[Captioned web images]
:::
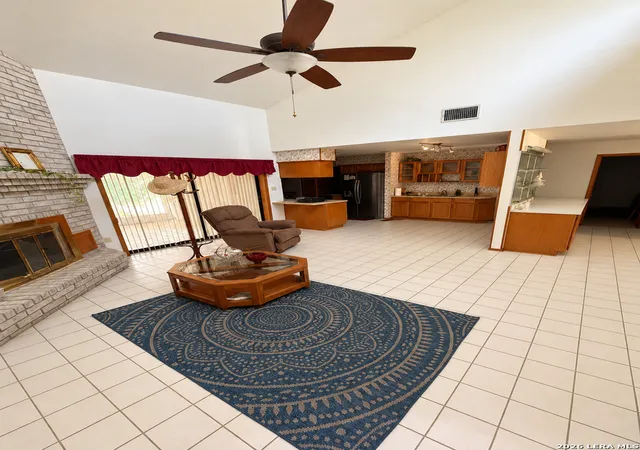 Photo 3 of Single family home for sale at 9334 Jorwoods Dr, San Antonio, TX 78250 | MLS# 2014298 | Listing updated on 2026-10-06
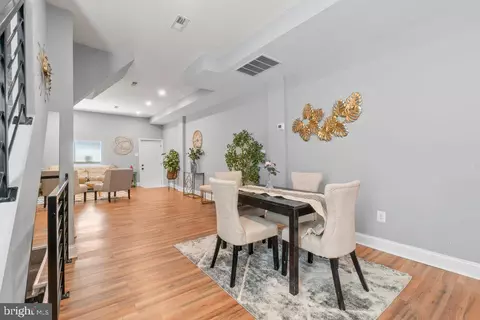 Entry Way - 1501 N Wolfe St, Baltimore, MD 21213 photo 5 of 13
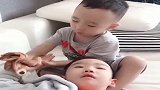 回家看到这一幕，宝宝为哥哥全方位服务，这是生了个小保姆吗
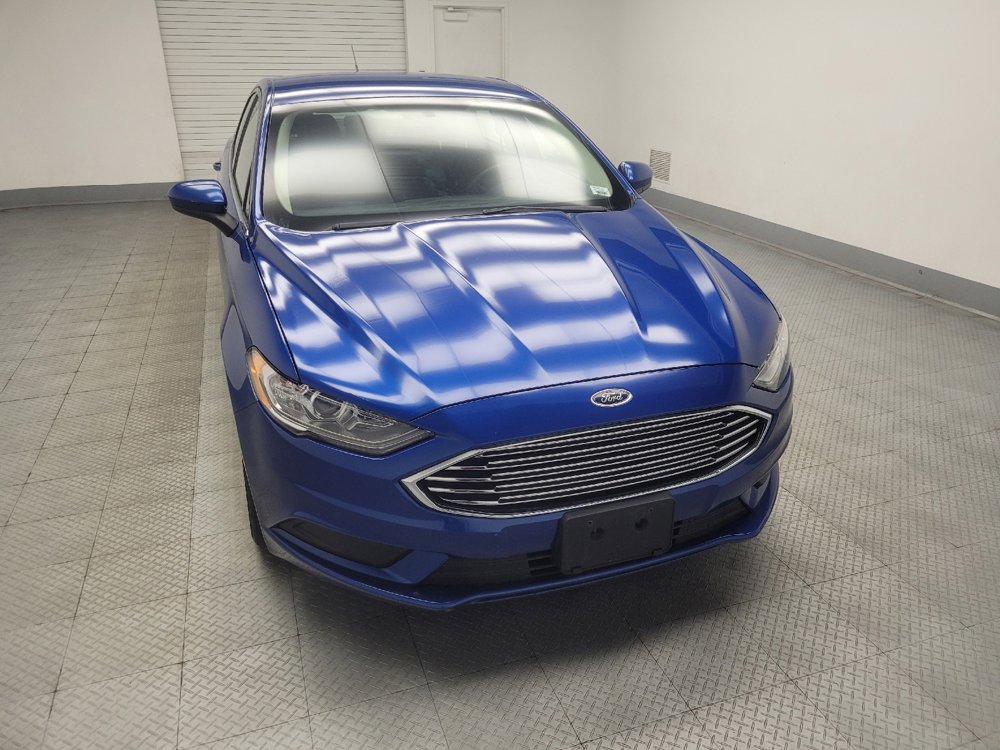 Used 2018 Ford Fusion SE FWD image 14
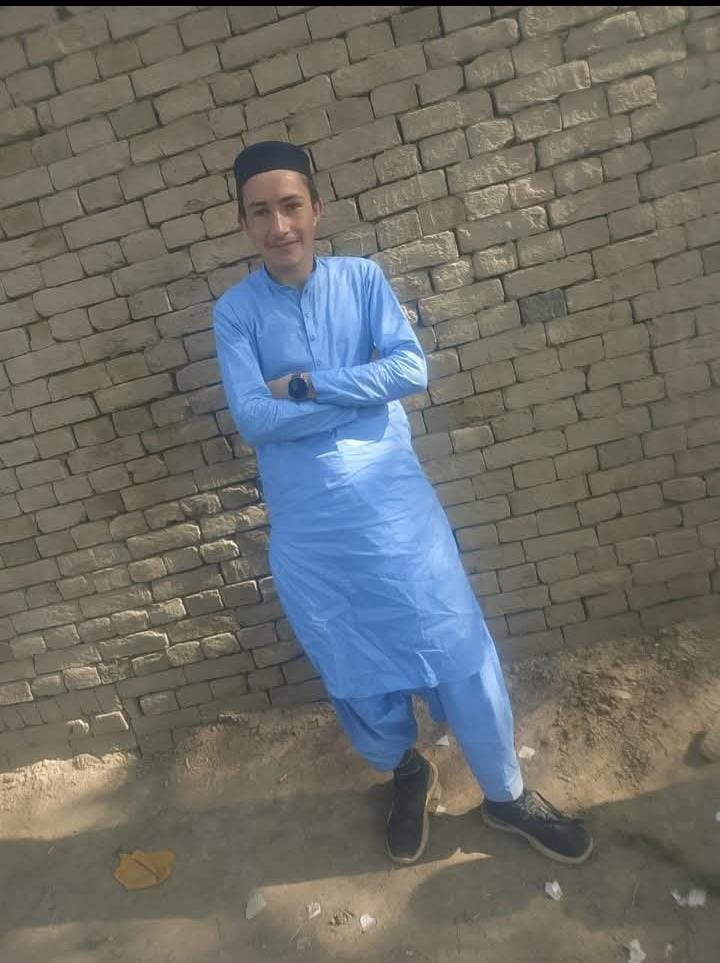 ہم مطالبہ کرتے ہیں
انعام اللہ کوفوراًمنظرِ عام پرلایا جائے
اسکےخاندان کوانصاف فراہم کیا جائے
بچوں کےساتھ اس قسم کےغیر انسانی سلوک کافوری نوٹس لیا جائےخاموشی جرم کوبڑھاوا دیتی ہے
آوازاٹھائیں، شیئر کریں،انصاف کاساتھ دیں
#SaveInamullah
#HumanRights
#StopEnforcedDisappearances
:::
### Task instructions
The lines from the one holding "Entry Way - 1501" through the end of the entries are to be transcribed exactly, both ends included, with the pictures left out.

### Exercise answer
 Entry Way - 1501 N Wolfe St, Baltimore, MD 21213 photo 5 of 13
 回家看到这一幕，宝宝为哥哥全方位服务，这是生了个小保姆吗
 Used 2018 Ford Fusion SE FWD image 14
 ہم مطالبہ کرتے ہیں
انعام اللہ کوفوراًمنظرِ عام پرلایا جائے
اسکےخاندان کوانصاف فراہم کیا جائے
بچوں کےساتھ اس قسم کےغیر انسانی سلوک کافوری نوٹس لیا جائےخاموشی جرم کوبڑھاوا دیتی ہے
آوازاٹھائیں، شیئر کریں،انصاف کاساتھ دیں
#SaveInamullah
#HumanRights
#StopEnforcedDisappearances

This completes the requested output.